The SteamPunkin Story

If there is any single genre that has captured the imagination of people in all walks of life throughout the world, it is the fairy tale. Fairy tales work with people, for people, on people, affecting what people are able to see as real, and possible. This mutant vehicle is inspired by the folk tale of Cinderella, known for its multiple variants found in the Greek, Roman, Egyptian, and Chinese mythologies.

The Cinderella archetype boils down to a story about finding a way to oppose unjust oppression and rise above through magic change. From the multiverse of versions, the artist chose a steampunk aesthetic to recover elements of Charles Perrault’s 1697 version, who first introduced the scene of the pumpkin and animal friends, being transformed by magic. This art car brings us to imagine a pumpkin growing disproportionately while wheels, axles, doors, and windows are sprouting until it is converted into a splendid Steampunkin coach.

2020 marks the first year of a twelve year cycle of the Chinese calendar starting with the rat, the same symbol the artist was born under. She wanted to preserve the animalistic imagery in her art car and bring to life a punk rat, ROUS, to pull the Steampunkin carriage. ROUS is also used to reinforce the idea of new cycles, the importance of time in transformative processes, and how we are part of parallel multiverses.

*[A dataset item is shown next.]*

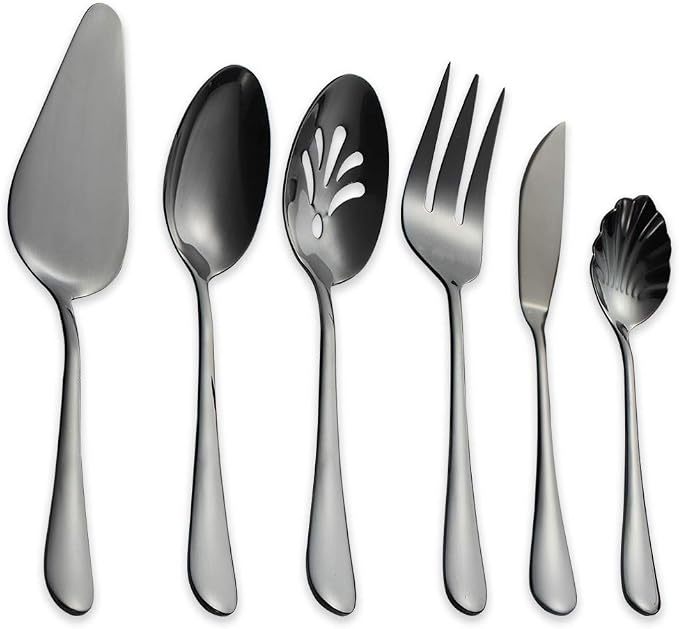 Berglander Stainless Steel Black Titanium Plated Flatware Serving Set 6 Pieces, 5 Serving Pieces of 45 Pieces Flatware With 1 Cake Server, Serving Silverware Set (Shiny Black)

The retro-futuristic decor plays with the existing tension between past, present, and future; cogs being interlocked and ticking together in this great Steampunkin machine reminds us about how the future was seen from the past and how the strength of the collective helped shape the future. The Steampunkin stands for all fairy tales representing our ancient past catching up with the future to become the imperishable stories that transcend time.